*Exercise description*:
For the entries below, print exactly the lines between the line holding "Τίνα Ντάρμα" and the line holding "New 2026 Jeep", inclusive, and nothing else.

*Given entries*:
%%
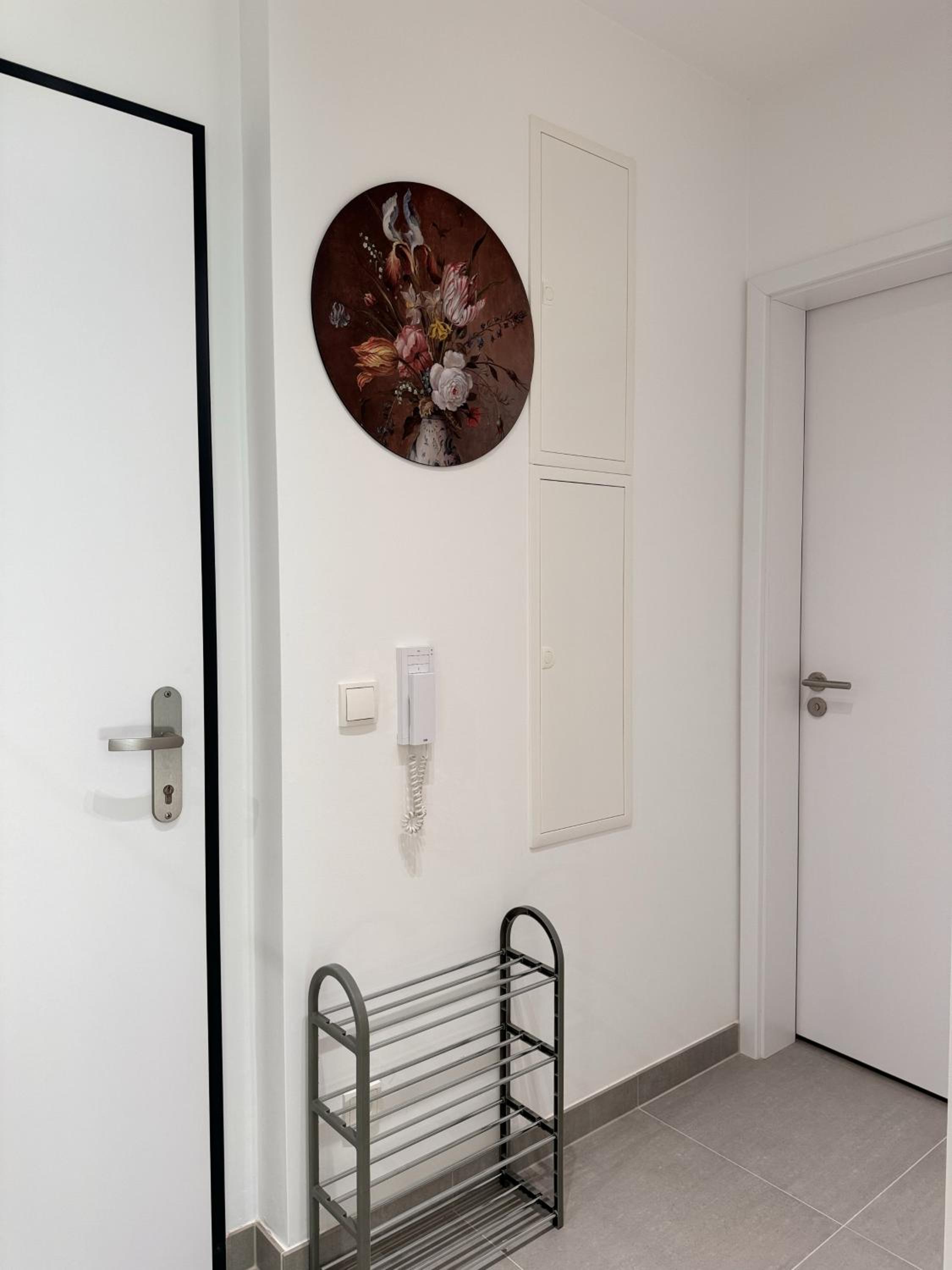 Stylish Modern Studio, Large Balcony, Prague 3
%%
%%
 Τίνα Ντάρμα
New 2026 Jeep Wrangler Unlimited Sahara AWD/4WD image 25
%%
*Written response*:
 Τίνα Ντάρμα
New 2026 Jeep Wrangler Unlimited Sahara AWD/4WD image 25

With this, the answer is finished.